Terrible. RIP. They were treated like objects.
It's not the same, but it made me think of the Hamlet chicken fire.
en.wikipedia.org
en.wikipedia.org
"The fire caused the deaths of 146
garment workers—123 women and girls and 23 men—who died from the fire,
smoke inhalation, falling, or jumping to their deaths. Most of the victims were recent
Italian or
Jewish immigrant women and girls aged 14 to 23"
"Because the doors to the stairwells and exits were locked–—a common practice at the time to prevent workers from taking unauthorized breaks and to reduce theft—many of the workers could not escape from the burning building and jumped from the high windows. There were no sprinklers in the building."
en.wikipedia.org
"It is considered the worst industrial factory fire in history, killing 188 persons, and injuring 469. Most of the victims were young female workers from rural families."

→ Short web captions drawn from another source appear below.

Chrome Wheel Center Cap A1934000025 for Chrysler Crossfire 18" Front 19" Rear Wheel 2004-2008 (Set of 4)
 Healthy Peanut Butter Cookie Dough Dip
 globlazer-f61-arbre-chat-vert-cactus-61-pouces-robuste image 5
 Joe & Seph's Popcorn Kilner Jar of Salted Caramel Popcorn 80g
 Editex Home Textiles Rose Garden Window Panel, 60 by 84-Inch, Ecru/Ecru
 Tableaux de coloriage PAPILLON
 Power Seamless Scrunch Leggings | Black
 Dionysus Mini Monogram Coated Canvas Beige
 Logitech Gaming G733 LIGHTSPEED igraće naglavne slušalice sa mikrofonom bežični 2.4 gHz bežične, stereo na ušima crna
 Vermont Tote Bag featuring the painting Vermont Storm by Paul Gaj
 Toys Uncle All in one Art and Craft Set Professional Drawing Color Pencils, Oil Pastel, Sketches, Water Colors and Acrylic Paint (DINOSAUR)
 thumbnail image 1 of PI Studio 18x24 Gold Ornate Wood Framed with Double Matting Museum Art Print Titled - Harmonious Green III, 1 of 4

"Workers located in the upper floors were told the fire was minor and were instructed to keep working. The fire alarm in the building did not sound. Areas dedicated to storing finished products caused the fire to spread quickly."
"Workers in the Building One who tried to escape found the ground floor exit doors to be locked, and the stairwells soon collapsed on top of the workers due to the fire. Many workers jumped from the second, third, and fourth-floor windows in order to escape the flames, resulting in severe injuries and fatalities."
en.wikipedia.org
"At least 117 people were confirmed dead in the fire, and over 200 were injured, making it the deadliest factory fire in the nation's history."
"The fire department's operations manager, Mohammad Mahbub, stated that the factory lacked the adequate emergency exits that would have made it possible to escape from the building, especially since the fire broke out in the warehouse on the ground floor and quickly moved up to higher floors. Of the building's three staircases, all three led through the ground floor, making them extremely dangerous and unusable in the case of a ground floor fire. That left many workers trapped and unable to get safely out of the course of the fire."
"Witnesses reported that many workers had been unable to escape through the narrow exits of the building. Twelve of the victims died leaping from windows to escape the flames, some of whom would die of other injuries after they had been taken to area hospitals."
en.wikipedia.org
"The
Rana Plaza collapse occurred on 24 April 2013, when the eight-storey "Rana Plaza" commercial building collapsed due to a
structural failure. The rescue team's search ended on 13 May 2013, with a confirmed death toll of 1,134. Approximately 2,500 injured people were rescued from the building."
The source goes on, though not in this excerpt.